Data Analytics techniques have been embraced by sales and marketing departments of companies to help improve their bottom line and marketing campaigns. Employee hiring has also significantly benefited from using data analytics. But the employee benefits administration function of HR has mostly been sluggish to adopt them.

Why is HR Slow to Adopt Data Analytics?

The main reasons for the slow adoption by HR are legacy practices and resistance to a deeper understanding of employees’ needs.

Third party hiring agencies are not constrained by the cultural norms and practices of the hiring companies, so they have utilized analytical techniques to maximize their revenue. But when it comes to managing benefits, companies have primarily stayed with tracking employees’ behavior through spreadsheets and other tabular data documents. Since these tracking documents vary from company to company, they have not been amenable to standard data analysis techniques.

Predictive analytics requires the utilization of more in-depth data. So it is not sufficient to know overall statistics like how many employees sign up for a particular benefit like child care. It is important to know the specific needs of each employee so that the company can offer benefits that have the greatest appeal and utilization. For example, with the rise in childhood anxiety disorders as reported by the National Institute of Mental Health, it would make sense for companies to consider offering benefits that address childhood anxiety disorders. But companies need to collect deeper data about their employees to be able to do this.

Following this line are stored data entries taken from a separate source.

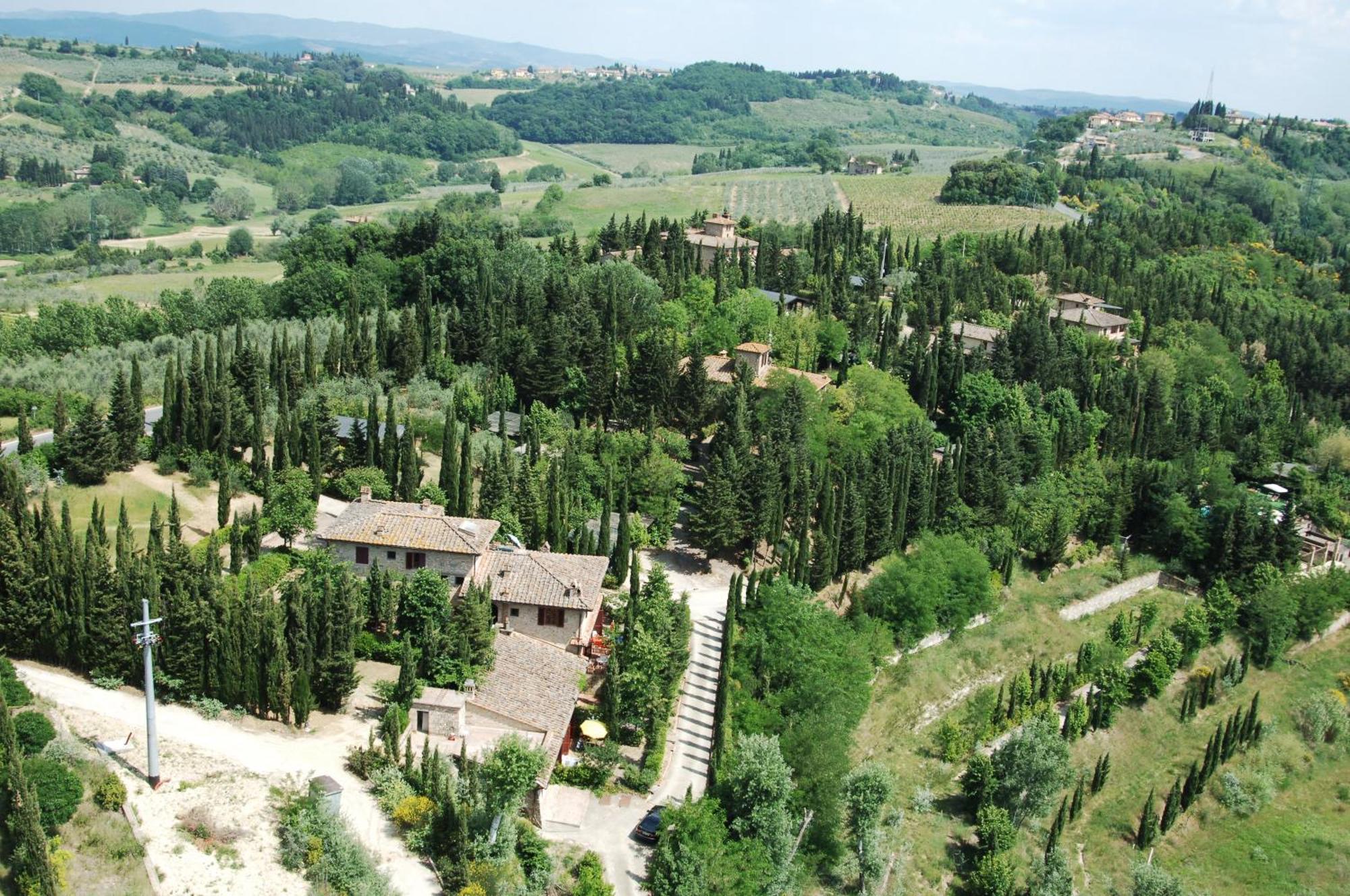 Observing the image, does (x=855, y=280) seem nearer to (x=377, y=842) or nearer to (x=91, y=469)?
(x=91, y=469)

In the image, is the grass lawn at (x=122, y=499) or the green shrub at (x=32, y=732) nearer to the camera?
the green shrub at (x=32, y=732)

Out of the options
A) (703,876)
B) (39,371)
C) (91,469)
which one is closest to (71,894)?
(703,876)

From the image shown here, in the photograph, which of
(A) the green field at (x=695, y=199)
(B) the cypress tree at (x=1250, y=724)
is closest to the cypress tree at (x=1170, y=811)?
(B) the cypress tree at (x=1250, y=724)

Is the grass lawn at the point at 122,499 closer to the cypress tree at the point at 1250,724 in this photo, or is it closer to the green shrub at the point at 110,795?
the green shrub at the point at 110,795

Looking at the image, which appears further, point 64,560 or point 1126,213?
point 1126,213

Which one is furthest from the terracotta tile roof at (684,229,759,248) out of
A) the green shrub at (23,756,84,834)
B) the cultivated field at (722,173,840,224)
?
the green shrub at (23,756,84,834)

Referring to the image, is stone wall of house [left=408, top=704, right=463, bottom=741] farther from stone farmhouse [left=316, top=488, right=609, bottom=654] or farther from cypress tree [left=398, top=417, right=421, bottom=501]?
cypress tree [left=398, top=417, right=421, bottom=501] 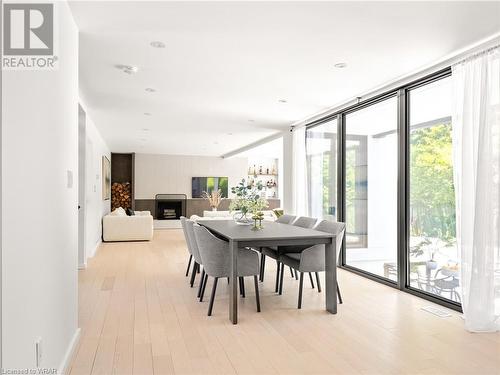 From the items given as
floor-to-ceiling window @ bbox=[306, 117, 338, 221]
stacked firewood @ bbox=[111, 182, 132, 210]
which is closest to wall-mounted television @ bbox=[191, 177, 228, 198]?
stacked firewood @ bbox=[111, 182, 132, 210]

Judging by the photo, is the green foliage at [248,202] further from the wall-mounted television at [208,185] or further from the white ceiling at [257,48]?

Bringing Data Analytics to HR Benefits

The critical component of analytics is data, so HR needs to emphasize data collection with benefits vendors. Historical data can be gleaned from existing vendors, but they should be incentivized to collect all the data that HR needs. Benefit vendor performance must be measured using KPIs. When hiring new vendors, their data collection and analysis capabilities should be a key criterion in selecting them. They should be able to provide data for all areas of benefit like medical, pharmaceutical, worker’s compensation, and FMLA requests.

A benefits program fine-tuned through data analytic techniques will lead to higher employee satisfaction and retention.